L’Italia si colloca al sesto posto con il 51,8% degli utenti che è stato raggiunto almeno da un alert l’anno scorso. Al primo posto svettano gli USA, seguiti da Russia, Iran, Germania e Francia.
Per il furto di dati di carte di credito, il Paese invece si posiziona al 23° posto su scala mondiale.
Ma a destare preoccupazione è il fattore geopolitico.
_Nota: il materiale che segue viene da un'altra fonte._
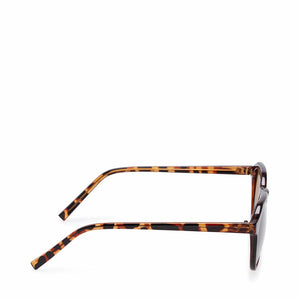 10249250 TORTOISE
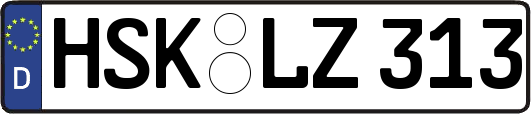 HSK-LZ313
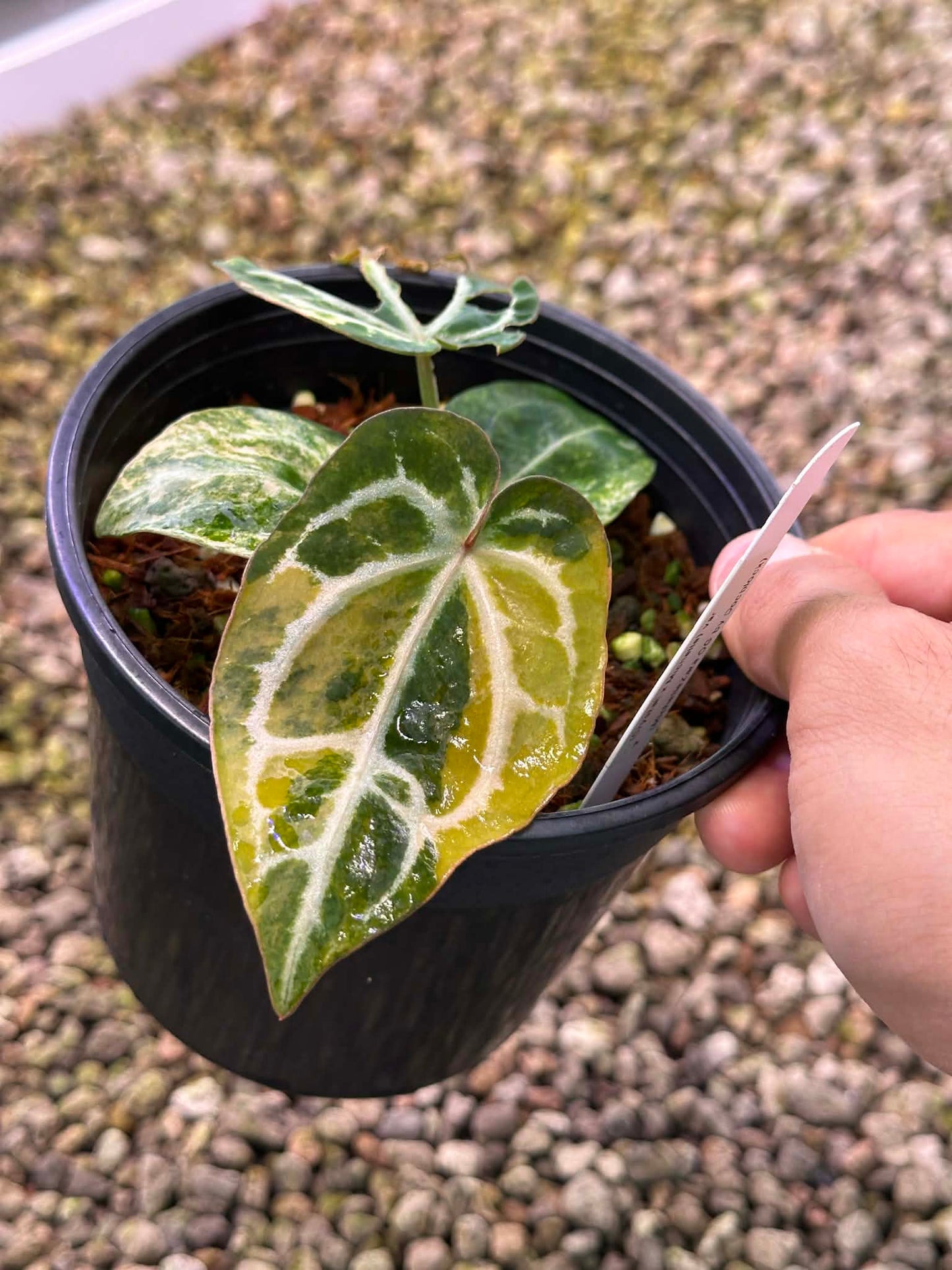 Anthurium (Crystallium x Michelle) x (Michelle x Zara) By Han Kirok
L’Iran balza al terzo posto per sottrazione di email. Significa che negli indirizzi email compromessi, sale l’esposizione tricolore in un contesto geopolitico già caratterizzata da guerra, tensioni e complessità crescente.
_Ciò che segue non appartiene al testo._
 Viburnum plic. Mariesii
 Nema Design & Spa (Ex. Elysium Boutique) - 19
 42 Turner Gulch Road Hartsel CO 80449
Il contesto geopolitico significa che “la guerra cyber quasi mai coincide perfettamente con quella convenzionale, molto più spesso la precede, la prepara o la accompagna in modo carsico. In questa prospettiva, il balzo dell’Iran dal 124° al 3° posto può essere il riflesso di attività ostili, campagne di raccolta credenziali e operazioni di penetrazione avviate già nel 2025 o anche prima. Il cyberspazio, del resto, è spesso il luogo in cui l’escalation diventa visibile prima che lo diventi nei teatri tradizionali”, mette in guardia Curioni.
“Diverse fonti hanno segnalato attacchi rilevanti contro organizzazioni iraniane. Tra questi, la presunta compromissione di Bank Sepah, con la rivendicazione del furto di 42 milioni di record bancari da parte del gruppo Codebreakers, riportata da IranWire e ripresa anche da BankInfoSecurity; e il leak attribuito a Bank Mellat, con la diffusione di dati relativi a oltre 32 milioni di account cliente, riportato da Iran International e richiamato anche in successive analisi sul conflitto cibernetico legato all’Iran”, avverte Curioni.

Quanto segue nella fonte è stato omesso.